Hint: You can write a one-line if statement with the following syntax: <value_when_true> if <condition> else <value_when_false>

Hint: Using f-Strings might make this problem easier too!

Run in 61A Code

Quasiquoting

scm> (define a 1)
a
scm> '(cons a nil)
(cons a nil)

Recall that the quote special form prevents the Scheme interpreter from executing a following expression. We saw that this helps us create complex lists more easily than repeatedly calling cons or trying to get the structure right with list. It seems like this form would come in handy if we are trying to construct complex Scheme expressions with many nested lists.

Consider that we rewrite the twice macro as follows:

(define-macro (twice f)
  '(begin f f))

This seems like it would have the same effect, but since the quote form prevents any evaluation, the resulting expression we create would actually be (begin f f), which is not what we want.

The quasiquote allows us to construct literal lists in a similar way as quote, but also lets us specify if any sub-expression within the list should be evaluated.
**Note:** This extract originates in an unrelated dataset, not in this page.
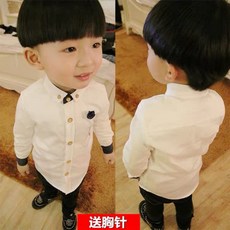 男童白色長袖襯衫，中小童正式場合必備，送胸花，畢業禮服西裝襯衫，兒童喜宴宴會鋼琴演出服裝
At first glance, the quasiquote (which can be invoked with the backtick ` or the quasiquote special form) behaves exactly the same as ' or quote. However, using quasiquotes gives you the ability to unquote (which can be invoked with the comma , or the unquote special form). This removes an expression from the quoted context, evaluates it, and places it back in.

scm> `(cons a nil)
(cons a nil)
scm> `(cons ,a nil)
(cons 1 nil)

By combining quasiquotes and unquoting, we can often save ourselves a lot of trouble when building macro expressions.

Questions

Q7: Writing Quasiquote Expressions

Given that the following code has been executed in your Scheme environment:

scm> (define a +)
a
scm> (define b 1)
b
scm> (define c 2)
c

Write out the expressions using quasiquote, unquote, a, b, c, and parentheses to fill in the blanks that would lead to each of the following being displayed:

For example,

scm> ___________
(a b c)

Answer:

`(a b c)

a) Fill in the following blank:

scm> __________________
(a 1 c)

b) Fill in the following blank:

scm> __________________
3

c) Fill in the following blank:

scm> __________________
(a (b 1) c)

d) Fill in the following blank:

scm> __________________
(a 3 c)

Additional Practice Now, let the following be defined:

scm> (define condition '(= 1 1))
condition
scm> (define if-true '(print 3))
if-true
scm> (define if-false '(print 5))
if-false

Write the Scheme expression using the variables condition, if-true, and if-false along with quasiquoting, that would evaluate to the following:

scm> ________________________
(if (= 1 1) (print 3) (print 5))

Macros

Previously, we've seen how we can create macro-like functions in Python using f-strings. Now let's talk about real macros, in Scheme. So far we've been able to define our own procedures in Scheme using the define special form. When we call these procedures, we have to follow the rules for evaluating call expressions, which involve evaluating all the operands.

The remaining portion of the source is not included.